On the substrate 8 z 2 of FIG. 4 B , the stub conductor 25 z 2 is disposed closer to an end portion (for example, a lower end portion) from a central portion in the vertical direction (in other words, the short-side direction) on the upper surface (front surface) of the substrate 8 z 2 . The patch antenna including the substrate 8 z 2 resonates at the entire patch (not shown) having the length a in the long-side direction in the same manner when the radio waves of the 2 GHz band are radiated, and further resonates at each of the two length b portions that are present in the long-side direction of the patch and a length b portion in the short-side direction of a new patch when the radio waves of the 5 GHz band are radiated. That is, compared with the configuration in FIG. 4 A , the resonance in the vertical direction is newly added in the 5 GHz band. Therefore, according to the configuration of the patch antenna shown in FIG. 4 B , with regard to the radiation characteristics PTYz 22 and PTYz 25 of the 2 GHz band and the 5 GHz band, horizontally polarized waves Hz 3 are radiated more strongly than vertically polarized waves Vz 3 in the 2 GHz band, and a resonance in the vertical direction is added in the 5 GHz band, so that characteristics of vertically polarized waves are improved and vertically polarized waves Vz 4 are radiated more strongly than horizontally polarized waves Hz 4 . However, in the 5 GHz band, a difference N 2 between the vertically polarized waves Vz 4 and the horizontally polarized waves Hz 4 in a desired direction (for example, a 0 degree direction which is a forward direction) is small, and separation accuracy between the horizontally polarized waves and the vertically polarized waves deteriorates.

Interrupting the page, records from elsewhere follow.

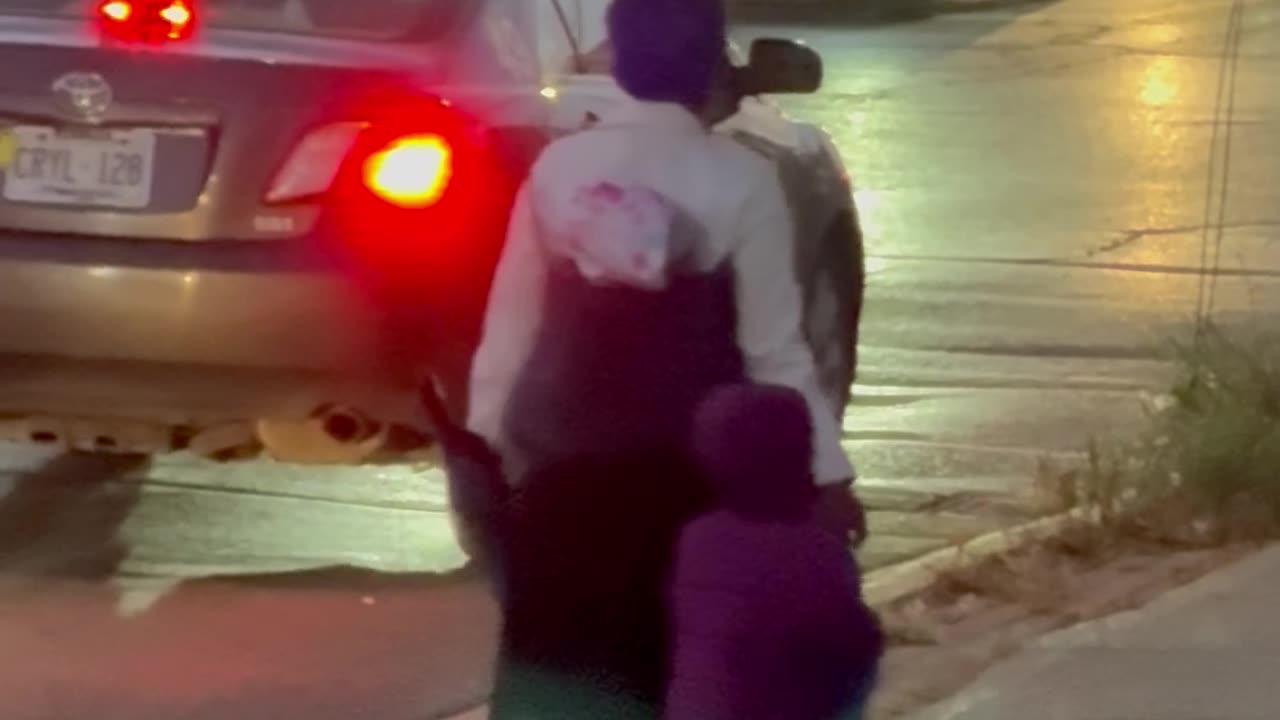 Woman Balances Microwave On Head During Walk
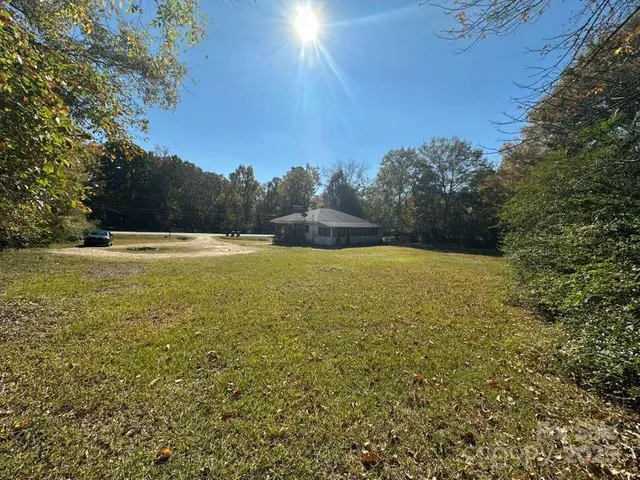 a view of an ocean and a yard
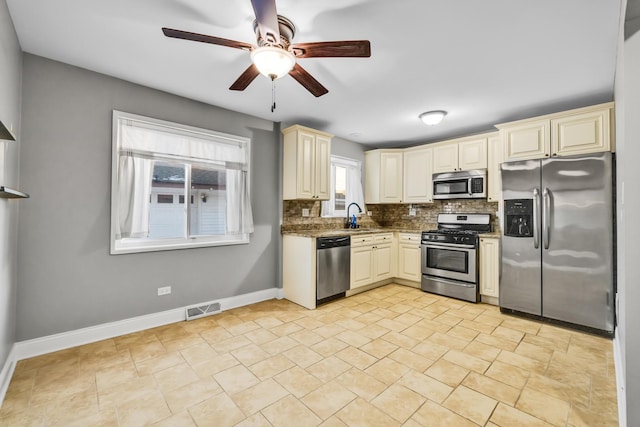 kitchen featuring stainless steel appliances, cream cabinets, a sink, and visible vents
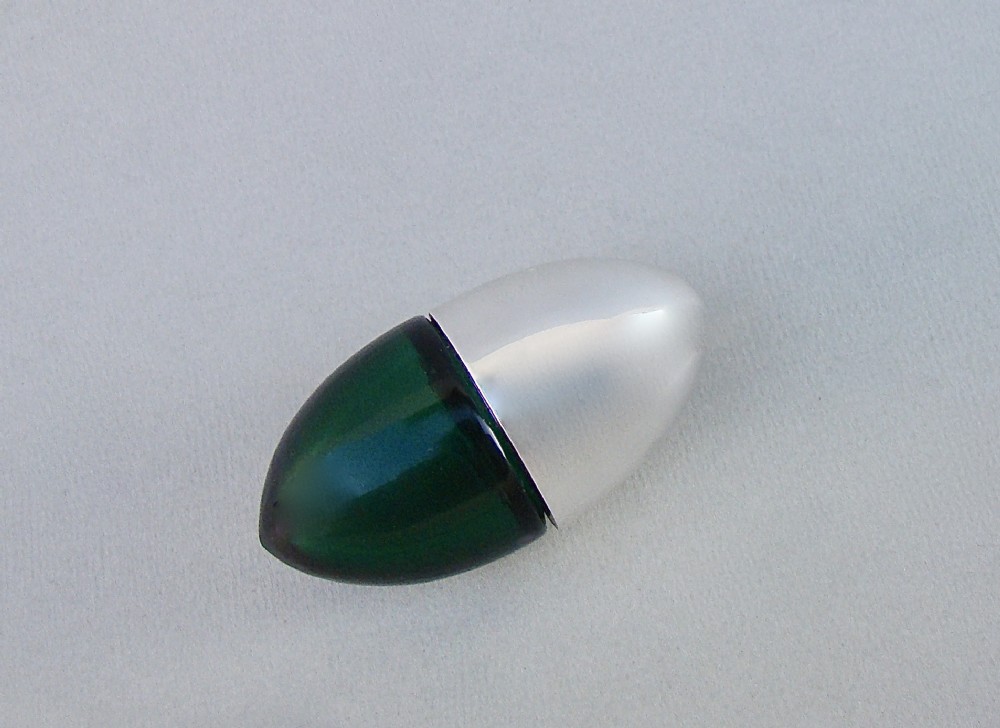 LARGE EMERALD GREEN GLASS BULLET SHAPED SCENT BOTTLE WITH SILVER PLATED LID, CIRCA 1900.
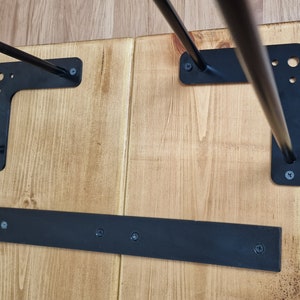 May include: The underside of a wooden table with black metal hairpin legs. The legs are attached to the table with screws. There is a black metal bar across the bottom of the table.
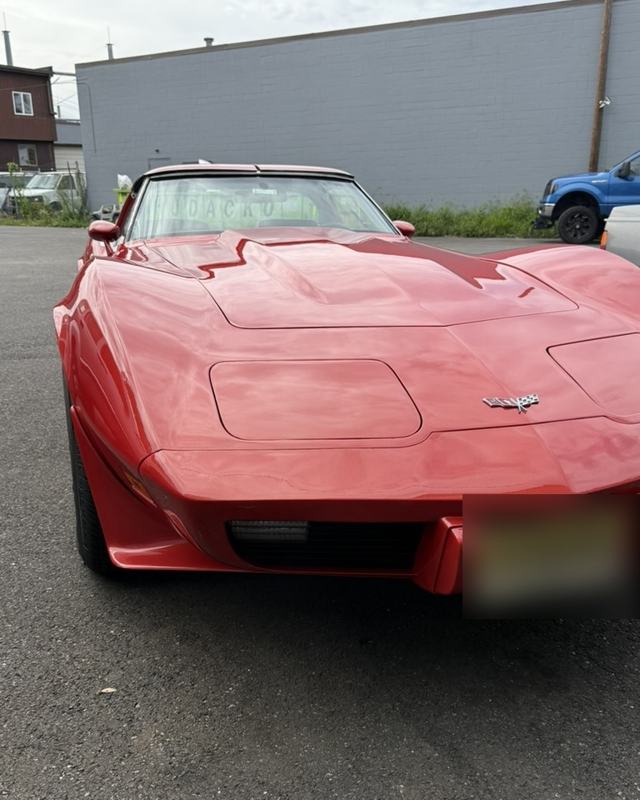 Red Corvette parked in a lot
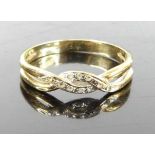 A yellow metal and cz set band ring, stamped 585 and tests as approx 14ct gold, 2.1g, size P/O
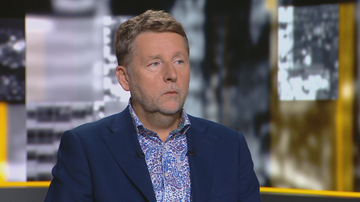 Mężczyzna w garniturze i wzorzystej koszuli siedzi przed kamerą z poważnym wyrazem twarzy.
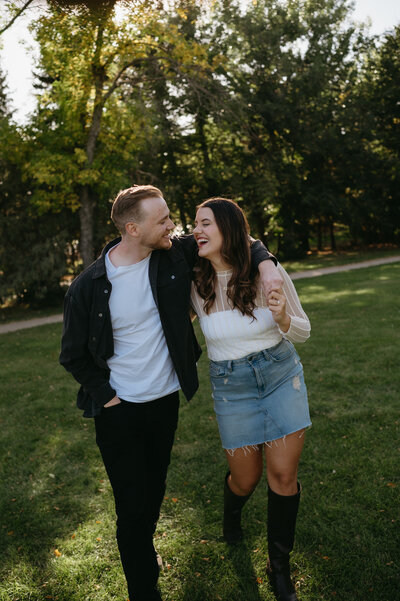 Couples session in field at sunset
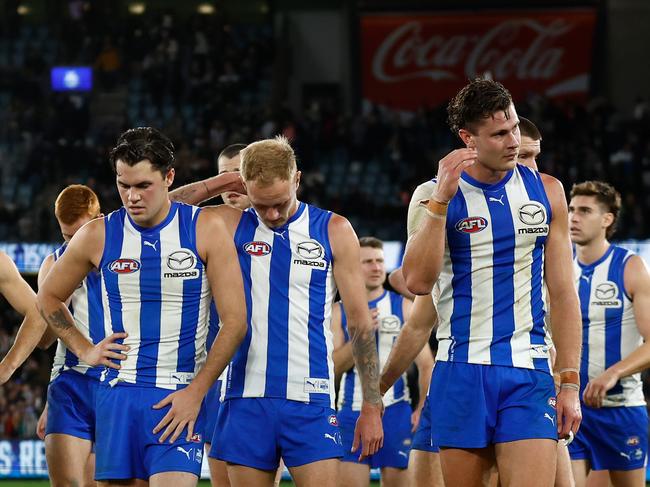 MELBOURNE, AUSTRALIA – JUNE 16: The Kangaroos look dejected after a loss during the 2024 AFL Round 14 match between the North Melbourne Kangaroos and the Collingwood Magpies at Marvel Stadium on June 16, 2024 in Melbourne, Australia. (Photo by Michael Willson/AFL Photos via Getty Images)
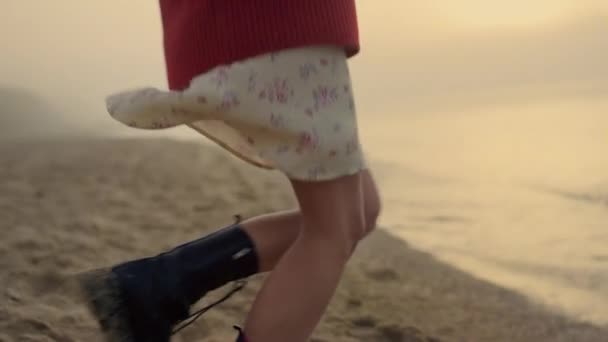 Aktive Frauenbeine tanzen am Strand. Lässiges Mädchen in trendigen Stiefeln dreht sich um — Stockvideo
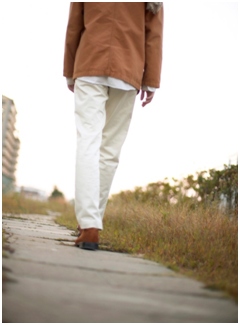 walking down a sidewalk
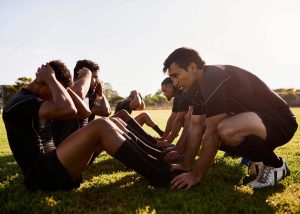 Atletas ajudando uns aos outro a fazer abdominais, exemplo de preparação física para esportes, nicho do mercado de trabalho para educação física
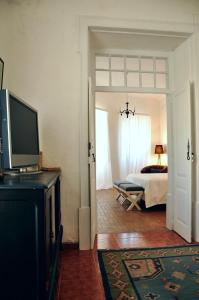 a living room with a television and a bedroom at Casa18.55 - Time with history in São Brás de Alportel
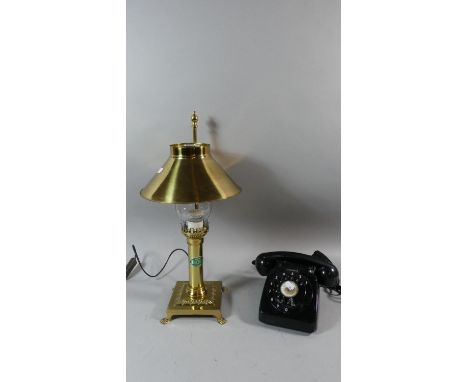 A Vintage Black Telephone and Reproduction Orient Express Brass Mounted Lamp 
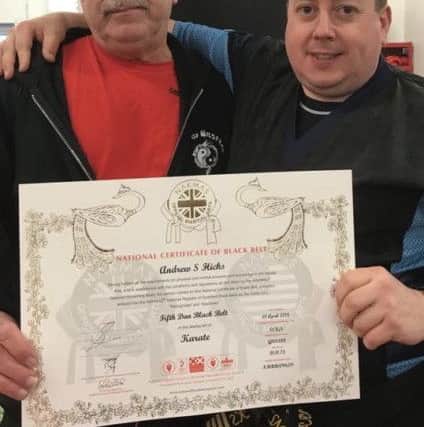 Andrew Hicks (right) received his 5th Dan black belt from Graham Smith.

On the first substrate 8 a in FIG. 4 C , the stub conductor 25 is disposed closer to an end portion (for example, a lower end portion) from a central portion in the vertical direction (in other words, the short-side direction) on the upper surface (front surface) of the first substrate 8 a , and the slot SL 1 is disposed at a position of the patch 45 that faces a position (see FIGS. 2 and 3 ) away from the power supply point 21 by λ 2 /4. The patch antenna 5 including the power supply face 20 provided on the upper surface (front surface) of the first substrate 8 a resonates at a portion other than the slot SL 1 of the patch 45 that has the length a in the long-side direction in the same manner when the radio waves of the 2 GHz band are radiated, and further resonates at a length c portion in the long-side direction of the slot SL 1 when the radio waves of the 5 GHz band are radiated. That is, compared with the configuration in FIG. 4 B , the resonance in the slot SL 1 is dominant in the 5 GHz band. Therefore, according to the configuration of the patch antenna 5 shown in FIG. 4 C , with regard to radiation characteristics PTY 2 and PTYS of the 2 GHz band and the 5 GHz band, horizontally polarized waves H 1 are radiated more strongly than vertically polarized waves V 1 in the 2 GHz band, and a resonance in the slot SL 1 is added in the 5 GHz band, so that characteristics of vertically polarized waves are greatly improved and vertically polarized waves V 2 are radiated more strongly than horizontally polarized waves H 2 . Accordingly, in the 5 GHz band, a difference N 3 between the vertically polarized waves V 2 and the horizontally polarized waves H 2 is increased in a desired direction (for example, a 0 degree direction which is a forward direction), separation accuracy between the horizontally polarized waves and the vertically polarized waves is improved, and antenna characteristics are improved.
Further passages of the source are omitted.